» TASK TO COMPLETE: Exact copies of all the lines below are required, with the pictures omitted.

» INPUT DATA:
* * *
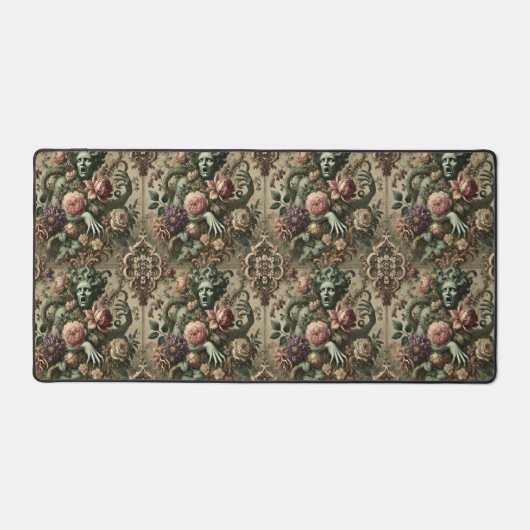 Opernopulenz - gotisches Blumenbarock Schreibtischunterlage (Vorderseite)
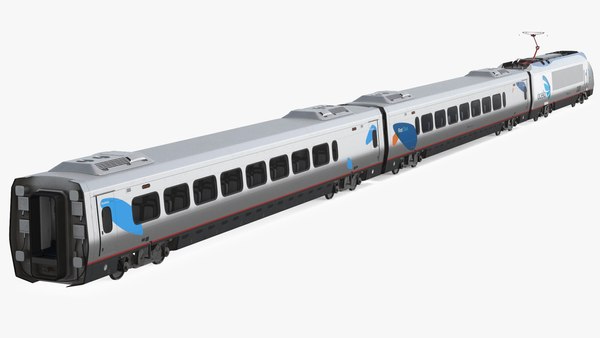 3D amtrak acela express train model - TurboSquid 1447336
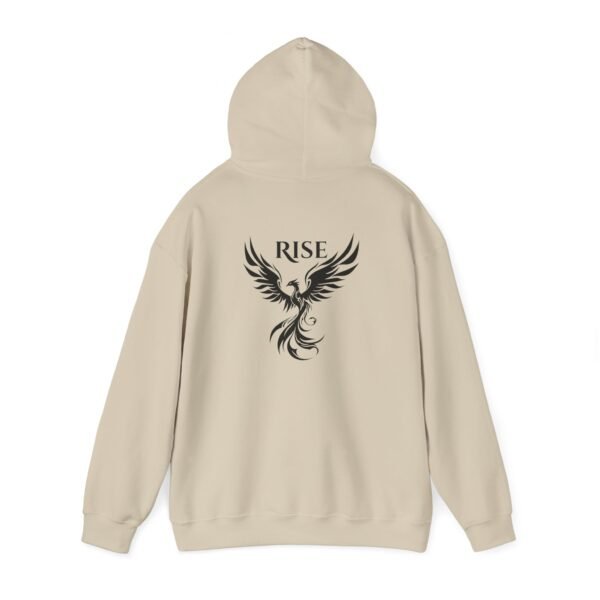 Phoenix Rising Unisex Heavy Blend Hooded Sweatshirt – Rise Graphic Hoodie - Image 13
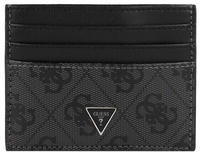 Elegante Schwarze Herren Geldb&ouml;rse mit Kartenhalter und Kontrastdetails -...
* * *
» COMPLETED TASK:
 Opernopulenz - gotisches Blumenbarock Schreibtischunterlage (Vorderseite)
 3D amtrak acela express train model - TurboSquid 1447336
 Phoenix Rising Unisex Heavy Blend Hooded Sweatshirt – Rise Graphic Hoodie - Image 13
 Elegante Schwarze Herren Geldb&ouml;rse mit Kartenhalter und Kontrastdetails -...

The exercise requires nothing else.